Лесков был человеком разорванным. Его постоянно «вело и корчило», растаскивало между скепсисом и восхищением, гимном и проклятьем, идиллией и сатирой, нежным умилением и самой ядовитой иронией, ангелом и аггелом[1]\ праведниками и злодеями.
Формула его художественного мира включала два полюса одновременно – плюс и минус>2. Присоединяться к одному из них ему было скучно, незачем; другое дело – держать в поле зрения оба, глядеть, как растет напряжение, вспыхивает молния, блещет текучий огонь.
Статья о петербургских пожарах, неудачная по интонации и не слишком глубокая по мысли, подорвала его репутацию, едва он начал путь в литературе. Написанный вскоре после этого роман «Некуда» о роковом заблуждении одних, нечистой игре других и глупости третьих, который приняли за пасквиль и донос, испортил ее окончательно. «Господин Стебницкий» – псевдоним, под которым он опубликовал «Некуда», – стал писателем нерукопожатным на долгие годы вперед: прежде чем широкая читательская публика снова повернулась к нему, должна была смениться не одна эпоха.
Жизнь Лескова, вместившая смерть маленького сына, безумие жены, несправедливое увольнение с государственной службы, многолетнюю травлю, отторжение современниками, вполне потянула бы на трагедию. Но всё в ней вечно скатывалось в водевиль, оползало в житейский скандал. И не потому, что Лескову недоставало масштаба, – изменилось время, и герой его вместе с ним. Там, где раньше бунтовали, стрелялись, гибли на дуэли за единственное
слово, где устраивали шумные дружеские пиры, теперь стоял грязный трактир, шумела попойка. Вместо дуэли могла разразиться лишь мутная разночинная драка, взамен прежних сражений разливалась дрязга.
Всю жизнь Лесков напряженно искал, что можно этому противопоставить, на что опереться, а набредал всё на одно: золотое иконописное небо, вечность, красота кроткой и умной души и сокровищницы родного языка.
Лучше многих про него сказал Чехов: «Этот человек похож на изящного француза и в то же время на попа-расстригу»>3, – проницая самое важное в Лескове-художнике: обостренное эстетическое чувство, тяга к прихотливому словесному узору, задорной языковой игре сочетались в нем с поповским началом, любовью к церковной культуре и жизни, пронизанной вместе с тем духом отторжения государственного православия (потому и «расстрига»). Официально Лесков не принадлежал к духовному сословию – священствовали его прадед и дед, отец после семинарии пошел в чиновники, – но в облике его и круге интересов всё-таки жили неистребимые поповские черты. Не один Чехов это в нем разглядел[2].
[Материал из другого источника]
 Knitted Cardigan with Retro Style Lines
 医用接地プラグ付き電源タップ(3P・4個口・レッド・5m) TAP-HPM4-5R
Лесков и в самом деле очень верил в очеловечивающую силу христианства: действенная любовь, жертвенное служение ближнему, чистота души, внутренняя цельность – для него всё это было не безвкусной жвачкой из очередной воскресной проповеди, а предметом веры. Он искал тех, кто обладает этими сокровищами. Людей до такой степени кротких, героических, добрых, смелых, кажется, не существовало на белом свете – тогда он их придумывал.
«Осенним расцветом идеализма» назвал эту особенность Лескова любивший его критик Михаил Осипович Меньшиков>4. Лесков – христианский идеалист. Он никогда не был таким изощренным психологом, как Достоевский или Толстой; наоборот, ему особенно удавались персонажи, существовавшие словно вне психологических законов, люди-иконы, обладатели образцовой нравственности или умений: старичок-травник Крылушкин, молочник Голован, княгиня Протозанова, мастер-волшебник Левша, солдат на часах Постников. Часто он находил их в прошлом, в старой сказке.
И вместе с тем остро волновала современность, злободневные вопросы и темы, но всерьез любил он, кажется, кроме праведников, только людей старинных, которых называл «антики», их и весь русский патриархальный мир, на глазах опускавшийся в Лету, и описывал его с неизменной улыбкой – печальной, теплой. Целовал в макушку, не боясь показаться смешным. Это не мешало ему оставаться поклонником европейского просвещения, общественного прогресса, безграмотность и рабство вызывали в нем отвращение и ярость. По широте взглядов, например, на еврейский вопрос Лесков намного опередил свое время. Он проповедовал внимание и терпимость к чужой культуре и ценностям в те времена, когда принцип толерантности еще не был сформулирован в пространстве светской мысли, хотя слова «…ни эллина, ни иудея…», конечно, давно уже были произнесены.
Он мечтал жить среди ангелов, в мире, где нет ни схваток, ни подлости, ни страстей, еще и потому, что слишком хорошо знал их разрушительную силу. Его самого жгли черная зависть, злоба, жадность к деньгам. «Ты о Христе пишешь, а сам чёрт чёртом, только рогов недостает», – сказала ему однажды его приемыш Варя, которой он дал две пощечины за то, что посмела завить себе волосы>5. «Лесков говорит о милосердии, а в глазах у него черти бегают»>6, – записала в своем дневнике литератор и актриса Софья Ивановна Смирнова-Сазонова.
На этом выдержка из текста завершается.